Jesus Montero: Three Ways He Could Impact Yankees' Postseason Roster

Jesus Montero in a spring training game. (Photo by Leon Halip/Getty Images)

-- See Pinstripe Alley for complete discussion and analysis of the Yankees

Jesus Montero will likely make his major league debut as the New York Yankees' designated hitter Thursday night against Boston Red Sox left-hander Jon Lester. Montero, the highly-touted and long-awaited top prospect in the Yankees' minor-league system will have the next month to try and hit his way onto the team's postseason roster.

Yes, that means I am assuming the Yankees will reach the postseason -- whether or not they catch Boston in the American League East. New York has a 7.5-game lead over Tampa Bay in the wild-card race, so that is effectively not a race at all.

Back to Montero. He appears likely to be the designated hitter against left-handed pitchers, maybe more often than that as the Yankees find out what he is ready to offer. He might catch some, as well.
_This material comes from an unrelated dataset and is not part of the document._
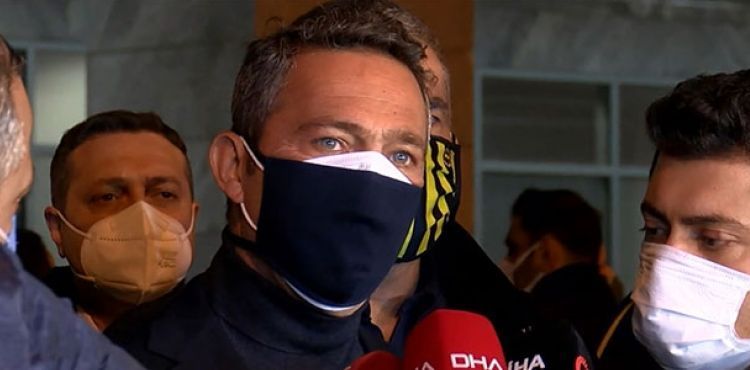 Ali Koç: Son dakikaya kadar inanmaya devam edeceğiz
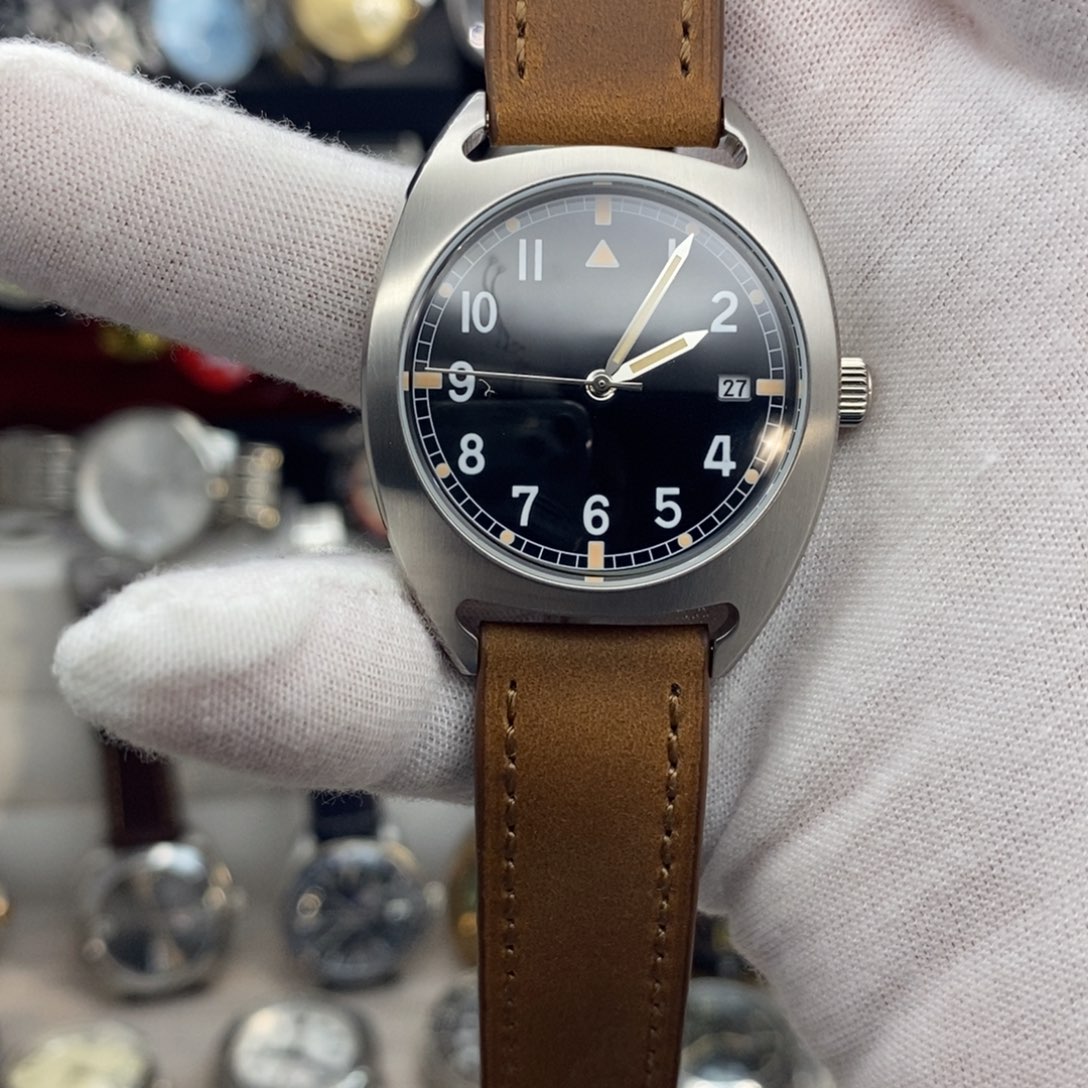 钢蓝宝石水晶自动机械机芯36mm小尺寸机械机芯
If Montero makes a loud enough statement with his bat over the course of the next month he could force his way into the team's postseason plans. In reality, I see three players whose postseason rosters spots are jeopardized by Montero's presence.
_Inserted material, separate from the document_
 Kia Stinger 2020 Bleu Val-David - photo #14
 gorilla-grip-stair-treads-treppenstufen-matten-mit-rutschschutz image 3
Jorge Posada -- The long-time catcher turned designated hitter has been benched -- again -- in favor of Eric Chavez against right-handed pitching. He is hitting just .239 and it appears he won't get regular playing time the rest of the season. With our without Montero, his Yankee tenure could come to a close when the postseason begins. A good month by Montero just makes it even more likely that Posada won't be part of the team that goes to the playoffs.

Andruw Jones -- Montero likely will get most of the designated hitter at-bats against lefties, meaning Jones' role will be significantly reduced. If the Yankees keep Montero on the postseason roster the domino effect could bounce Jones off of it. There won't be a need for him as a DH, and in the playoffs Brett Gardner's speed and stellar defense are more important than any occasional offense Jones might provide. If there are no starts for him, the Yankees might be better served to keep a reserve outfielder like Chris Dickerson -- who has speed to pinch run and can be used a defensive replacement for Nick Swisher.

Francisco Cervelli -- This is theoretically possible, but I find it unlikely. Montero is a catcher, but how good a catcher remains to be seen. Would the Yankees really trust Montero enough that they would go to the postseason with him as the backup catcher to Russell Martin? I doubt it.